The walking stick

by Michael Smith (Veshengro)

Walk softly and carry a big stick someone, I believe it was a US President, once said and this is a very valid adage.

Walking SticksHowever, there is no need to look at a walking stick primarily as a weapon for defense, though that it sure is and very effective can be too ion this department.

Primarily the walking stick is a truly functional thing and well worth having at hand, pardon the pun. A good walking stick provides that extra bit of support we sometimes seek and need when crossing a raging torrent, traversing shale or loose soil on precarious slopes, or staggering homeward, late at night, from the pub. And, as said, a good walking stick is an excellent weapon when needed.

Walking sticks come in a many different styles, and are made from a wide variety of materials, though all the most pleasing and proper are crafted of close-grained woods. And among these many varieties, though, the penultimate walking stick to a great many is the honorable Irish walking stick, the true Shillelagh, usually crafted of Blackthorn wood, and with a fine hard knot of hardened root at the gripping end.
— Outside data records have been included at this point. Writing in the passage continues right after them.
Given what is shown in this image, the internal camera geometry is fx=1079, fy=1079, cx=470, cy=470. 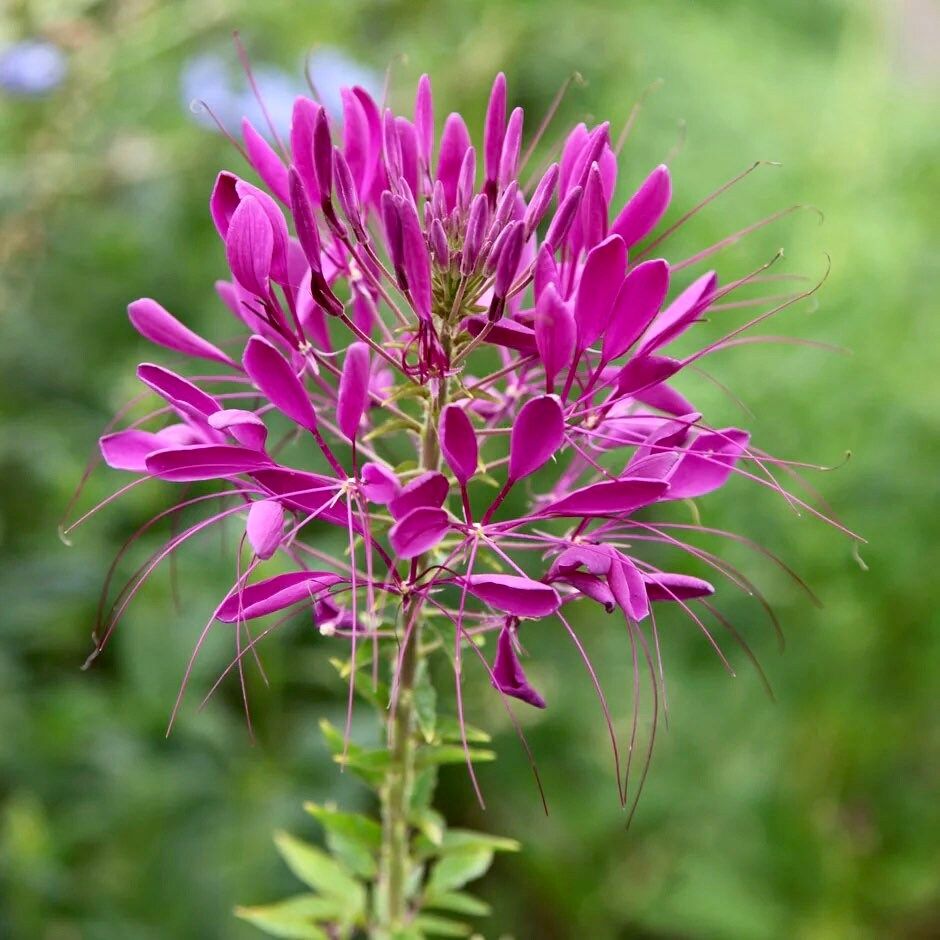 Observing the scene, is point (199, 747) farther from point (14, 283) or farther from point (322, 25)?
point (322, 25)

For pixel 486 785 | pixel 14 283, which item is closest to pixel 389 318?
pixel 14 283

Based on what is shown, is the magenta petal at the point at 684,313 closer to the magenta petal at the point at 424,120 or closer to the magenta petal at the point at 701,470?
the magenta petal at the point at 701,470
Having said this, however, with walking sticks, as with so many other things, it is often a case of horses for courses and other hardwoods are also great, and one of my favorites is Hazel, cut from well-managed coppice stools.

It does not have to be Blackthorn, not even for a Shillelagh. The fact is that many a Shillelagh in Eire was, in fact, not made from Blackthorn at all in the olden days but from Bog Oak.
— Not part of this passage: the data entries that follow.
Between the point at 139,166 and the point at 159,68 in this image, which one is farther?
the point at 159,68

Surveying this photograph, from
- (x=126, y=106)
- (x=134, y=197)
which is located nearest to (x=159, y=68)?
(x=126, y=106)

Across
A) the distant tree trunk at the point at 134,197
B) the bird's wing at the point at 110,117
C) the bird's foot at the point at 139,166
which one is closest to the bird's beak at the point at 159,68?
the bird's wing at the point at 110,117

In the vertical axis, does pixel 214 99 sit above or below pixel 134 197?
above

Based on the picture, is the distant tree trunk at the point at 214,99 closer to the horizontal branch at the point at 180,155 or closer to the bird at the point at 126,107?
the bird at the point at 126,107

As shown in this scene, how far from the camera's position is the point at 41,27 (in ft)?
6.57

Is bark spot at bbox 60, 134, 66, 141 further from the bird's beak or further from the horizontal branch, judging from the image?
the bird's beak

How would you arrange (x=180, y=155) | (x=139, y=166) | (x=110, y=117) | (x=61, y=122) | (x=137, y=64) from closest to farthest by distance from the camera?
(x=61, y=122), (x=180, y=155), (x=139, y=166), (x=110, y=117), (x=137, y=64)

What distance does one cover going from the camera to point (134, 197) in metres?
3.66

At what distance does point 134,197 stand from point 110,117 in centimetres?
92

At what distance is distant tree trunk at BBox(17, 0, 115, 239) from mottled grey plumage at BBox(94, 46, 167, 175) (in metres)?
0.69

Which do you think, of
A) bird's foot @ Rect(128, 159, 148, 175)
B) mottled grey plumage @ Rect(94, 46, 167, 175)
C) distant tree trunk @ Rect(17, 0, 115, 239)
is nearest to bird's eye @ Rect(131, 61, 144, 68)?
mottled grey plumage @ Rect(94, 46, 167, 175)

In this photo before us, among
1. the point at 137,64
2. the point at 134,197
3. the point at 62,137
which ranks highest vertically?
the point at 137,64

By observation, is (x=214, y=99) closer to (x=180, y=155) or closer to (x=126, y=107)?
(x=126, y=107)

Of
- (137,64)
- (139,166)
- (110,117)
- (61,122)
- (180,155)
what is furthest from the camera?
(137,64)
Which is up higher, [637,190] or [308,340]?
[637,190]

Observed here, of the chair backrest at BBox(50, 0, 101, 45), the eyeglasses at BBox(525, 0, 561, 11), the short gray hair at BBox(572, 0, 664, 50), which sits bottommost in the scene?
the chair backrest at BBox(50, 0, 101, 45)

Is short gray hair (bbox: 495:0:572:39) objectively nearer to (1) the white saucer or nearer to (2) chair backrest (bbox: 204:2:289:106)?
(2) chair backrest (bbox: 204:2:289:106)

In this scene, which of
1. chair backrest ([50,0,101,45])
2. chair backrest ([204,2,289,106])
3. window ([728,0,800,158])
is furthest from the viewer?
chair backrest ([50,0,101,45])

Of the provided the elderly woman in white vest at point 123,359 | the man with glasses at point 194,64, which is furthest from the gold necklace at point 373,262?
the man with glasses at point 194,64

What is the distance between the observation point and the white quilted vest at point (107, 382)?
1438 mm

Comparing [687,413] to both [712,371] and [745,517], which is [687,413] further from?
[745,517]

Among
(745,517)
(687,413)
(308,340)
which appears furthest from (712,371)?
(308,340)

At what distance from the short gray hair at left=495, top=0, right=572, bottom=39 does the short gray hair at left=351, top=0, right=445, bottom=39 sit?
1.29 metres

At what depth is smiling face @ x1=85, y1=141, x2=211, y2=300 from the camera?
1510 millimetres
Many people believed, falsely, and still do, that a Shillelagh was and is an Irish cudgel, shorter than a walking stick, crafted of blackthorn wood and featuring a knob or head of root wood.
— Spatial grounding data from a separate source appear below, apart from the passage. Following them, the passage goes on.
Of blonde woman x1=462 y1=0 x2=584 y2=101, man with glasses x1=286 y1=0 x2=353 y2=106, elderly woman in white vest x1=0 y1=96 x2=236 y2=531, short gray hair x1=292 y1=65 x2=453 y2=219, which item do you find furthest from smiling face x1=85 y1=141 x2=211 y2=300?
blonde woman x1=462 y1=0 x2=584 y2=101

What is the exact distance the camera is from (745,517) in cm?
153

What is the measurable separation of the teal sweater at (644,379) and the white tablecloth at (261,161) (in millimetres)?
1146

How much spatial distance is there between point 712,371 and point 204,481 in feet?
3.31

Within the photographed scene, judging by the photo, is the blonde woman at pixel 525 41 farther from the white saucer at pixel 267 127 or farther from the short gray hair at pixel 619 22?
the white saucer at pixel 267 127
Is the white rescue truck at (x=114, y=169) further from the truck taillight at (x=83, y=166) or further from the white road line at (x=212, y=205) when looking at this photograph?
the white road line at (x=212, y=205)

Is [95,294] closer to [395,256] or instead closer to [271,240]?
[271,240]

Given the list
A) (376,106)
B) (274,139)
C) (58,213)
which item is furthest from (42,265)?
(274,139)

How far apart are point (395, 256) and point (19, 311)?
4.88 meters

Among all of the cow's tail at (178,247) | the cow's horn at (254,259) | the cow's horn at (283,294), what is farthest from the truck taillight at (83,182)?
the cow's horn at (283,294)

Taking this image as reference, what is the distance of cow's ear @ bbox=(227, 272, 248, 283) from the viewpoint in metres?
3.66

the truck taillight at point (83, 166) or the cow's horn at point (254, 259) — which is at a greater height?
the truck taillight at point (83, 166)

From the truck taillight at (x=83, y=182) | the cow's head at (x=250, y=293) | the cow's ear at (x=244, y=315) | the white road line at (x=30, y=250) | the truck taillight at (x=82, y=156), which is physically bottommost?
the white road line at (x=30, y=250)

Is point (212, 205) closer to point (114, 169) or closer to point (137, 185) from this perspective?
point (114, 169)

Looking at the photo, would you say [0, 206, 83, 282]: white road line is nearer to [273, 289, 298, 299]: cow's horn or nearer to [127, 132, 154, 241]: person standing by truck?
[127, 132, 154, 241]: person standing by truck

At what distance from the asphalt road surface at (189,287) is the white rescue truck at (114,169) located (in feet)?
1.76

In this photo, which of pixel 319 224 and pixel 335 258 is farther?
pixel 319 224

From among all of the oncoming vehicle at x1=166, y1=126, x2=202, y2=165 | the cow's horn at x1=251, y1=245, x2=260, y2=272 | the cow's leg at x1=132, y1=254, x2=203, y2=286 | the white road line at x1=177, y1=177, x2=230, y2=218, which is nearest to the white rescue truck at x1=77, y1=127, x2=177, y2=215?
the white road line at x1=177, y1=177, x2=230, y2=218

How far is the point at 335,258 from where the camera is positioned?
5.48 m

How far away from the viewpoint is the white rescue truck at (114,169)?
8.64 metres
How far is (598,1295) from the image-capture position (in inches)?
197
It turns out that, what many have mistakenly called a Shillelagh all these years, and what is a popular tourist item sold in shops in the town of Shillelagh, after which the stick is named, was once a very popular weapon in 19th-century London. Very handy to have – but not something that the Irish would have used at that time, or earlier.

Their weapon of choice would have been a cane made from oak, blackthorn, ash or holly. An English writer who, on seeing an oak cane and knowing where it came from (the Shillelagh Forest in County Wicklow), coined the term Shillelagh. Eventually, it became synonymous for any Irish walking stick.

Blackthorn is looked upon by some as the best wood for the shaft of a cane. It is a very hard, close-grained wood and if growing from the trunk of the tree or bush, is covered with very sharp, vicious spines.

Those spines are also indicated in Blackthorn's Latin name of Prunus spinosa with the spinosa indicating the spines. Those spines are not thorns at all but hard wooden spines and other varieties of prunus also tend to have those spines.

The most notable features of blackthorn wood are the deep reddish-black bark and often numerous knots. The bark is left on for added toughness and often a metal ferrule is secured at the end opposite of the knob.

While at some time the wood was crafted green and thus to keep the wood from splitting during the drying process, sticks were often buried in a manure pile, or smeared with butter and placed in the chimney to cure, I would recommend, although that makes for harder work, to cut the shank long enough and to also leave wood on in other areas and allow the stick to season gently out of the wet but outside.

If you don’t have good walking stick yet and consider getting one, please bear in mind that the quest to find the right one may take some time.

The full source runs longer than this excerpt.